For this to work, the PageID will have to be unique over the Crawls.
Storing the subset generator itself:
The subset generator is different from the user query. The user might input the query in
the following ways
1. By specifying key terms – like searching on google
2. By fields – if the user’s UI has an option of searching on fields then user
just has to select these
3. By specifying the exact query in terms of a query language
Once the user gives the input, the query will have to be converted into a standard query
language that is understood by the server. This will be the generator that can be stored
and used in the future.
Each of the subset generators can be uniquely identified by a generatorID. The generators
can be store against these IDs are either plain text queries.

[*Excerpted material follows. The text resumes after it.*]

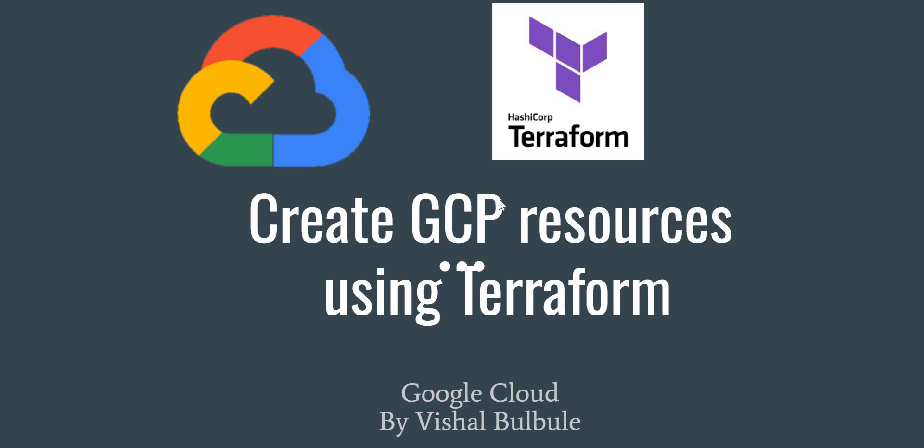Hello, welcome back. In this video, we are going to have a walkthrough of the next few videos and what we are going to do. We are going to start creating GCP resources using Terraform.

When the user wants the results, the generator can be executed to get the query in the
form of a table of contents/references.
A generator ID will have to include the user’s identification so that they can be mapped
back to the user who makes the request.
Generator ID
Generators
Possible ways to generate the generator ID
Use a combination of username, time to uniquely identify it.
Use a combination of username, user specified generator name to identify it.
Persistence:
The server can store the generators for users upon request until the user specifies that it is
no longer needed. Since the user specified query is different from the generator generated
by the server, the formal generator can be sent to the user who can in the future use that
instead of making the server compute this generator.
Storing the schema
When the server storing the internet archive gets the query, it can retrieve the required
subset.
The subset can be stored as table in the server itself in either one of the formats described
above.
If the user wishes to have the subset on his local system, the entire data will have to be
transferred either in the form of a schema or in the form of a list on the user’s interface.
If the entire table is very big maybe subsets of this can be fetched from the server by the
local system, or maybe the subset table itself can be broken up into smaller more
manageable sub-subsets that can be transferred upon request by the server.
This would be something like showing only the top ten ranked pages at first and letting
the user decide if they want more information from the server.